Scientists have managed to get two quantum memories entangled over 50 kilometres (31 miles) of fibre optic cables, almost 40 times the previous record.
This achievement makes the idea of a super-fast, super-secure quantum internet a much more plausible one.
Quantum communication relies on quantum entanglement, or what Einstein called 'spooky action at a distance': where two particles become inextricably linked and reliant on each other, even if they're not in the same place.
Quantum memory is the quantum equivalent of classical computing memory – the ability to store quantum information and keep it for a later time – and if we're going to get to the stage where quantum computers are actually practical and useful, getting this fixed memory working is an important part.
"The main significance of this paper lies in extending the entangling distance in [optical] fibre between quantum memories to the city scale," team leader Jian-Wei Pan, of the University of Science and Technology of China, told the Australian Broadcasting Corporation.
As far as photon (light) particle entanglement goes, we've managed it over empty space and optic fibres at large distances in the past, but adding quantum memory makes the process much more complicated. The researchers suggest that a different type of approach might be better for this: atom-photon entanglement over successive nodes - where the atoms are the nodes and the photons transmit the messages.

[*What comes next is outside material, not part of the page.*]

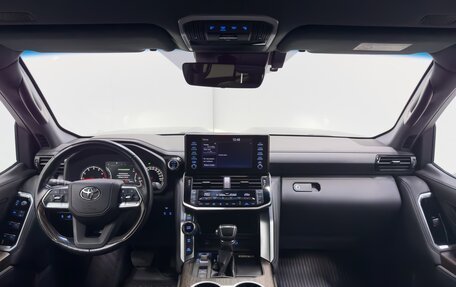 Toyota Land Cruiser, 2021 год, 10 500 000 рублей, 28 фотография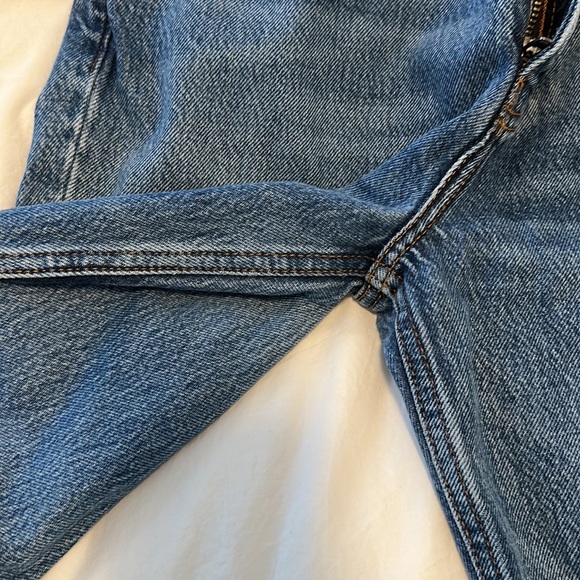Reformation Julia High Rise Jean - Picture 5 of 6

In other words, photon entanglement with a twist, where atomic matter is added to the mix to produce extra efficiency, reliability, and stability.
With the right network of nodes, this could provide a better foundation to the quantum internet than pure quantum entanglement using photons alone.

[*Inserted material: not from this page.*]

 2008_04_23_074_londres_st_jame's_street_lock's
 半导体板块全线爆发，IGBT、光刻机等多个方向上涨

In this experiment, the two storage units for quantum memory were rubidium atoms chilled down to a low energy state. When coupled with entangled photons, they each become part of an entangled system.
Unfortunately the greater the lengths a photon needs to go through to move between atoms, the greater the risk there is of that system being disturbed, which is why this new record is so impressive.

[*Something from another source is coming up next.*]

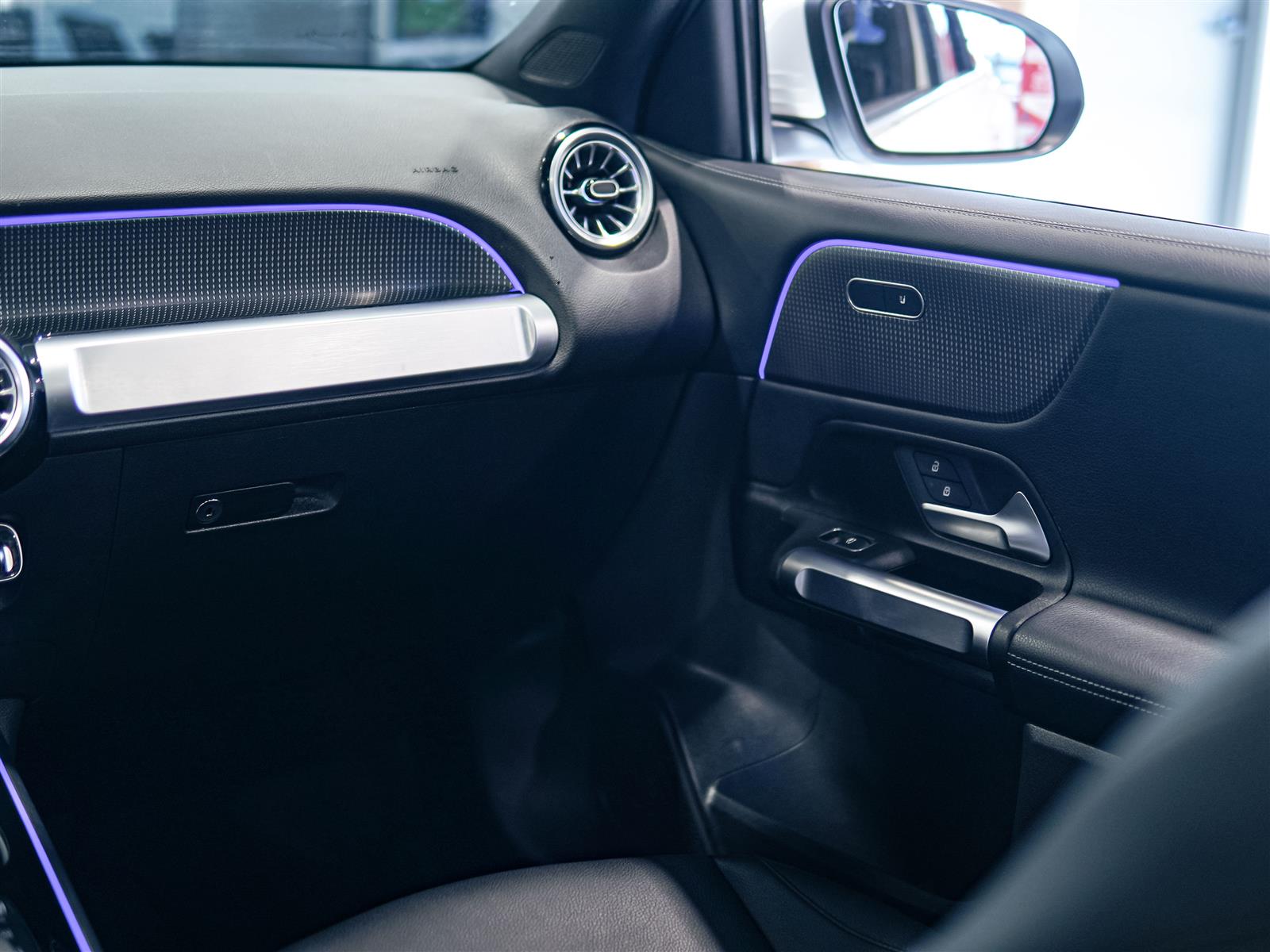 used 2022 Mercedes-Benz GLB 250 car, priced at $35,962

Key to the huge improvement in distance was a technique called cavity enhancement, which works to reduce photon coupling loss during entanglement.
In simple terms, this works by placing the quantum memory atoms into special rings this reduces random noise that could interfere and destroy the memory. The cavity has the added bonus of enhancing the retrieval of the quantum information.
The coupled atoms and photons produced by cavity enhancement make up the node. And the photons were then converted by the scientists to a frequency suitable for transmitting across telecommunications networks – in this case a telecommunications network the size of a city.
Pan's team has set a quantum entanglement record before, transmitting entangled photons between a satellite and Earth across a distance of 1,200 km (750 miles) in 2017. This satellite system works well in space, but in Earth's atmosphere with all the interference, fibre optic cables can reduce loss of signal.
In this experiment, the nodes of atoms were in the same lab, but the photons still had to travel across cables stretching more than 50 km. There are challenges in actually separating the atoms further, but the proof of concept is there.
"Despite enormous progress, at present the maximal physical separation achieved between two nodes is 1.3 kilometres [0.8 miles], and challenges for longer distances remain," explain the researchers in their published paper.
"Our experiment could be extended to nodes physically separated by similar distances, which would thus form a functional segment of the atomic quantum network, paving the way towards establishing atomic entanglement over many nodes and over much longer distances."
That's when things would get really interesting. While quantum memories might be the equivalent of computer memory in classical physics, the quantum version should be able to do much more – processing more information in a faster time, and solving conundrums beyond our current computers.
As far as communicating that data goes, quantum technology promises to improve transmission speeds and secure the data transfers using the laws of physics themselves – provided we can get it working in a reliable way over long distances.
"A quantum internet that connects remote quantum processors should enable a number of revolutionary applications such as distributed quantum computing," write the researchers in their published paper. "Its realisation will rely on entanglement of remote quantum memories over long distances."
The research has been published in Nature.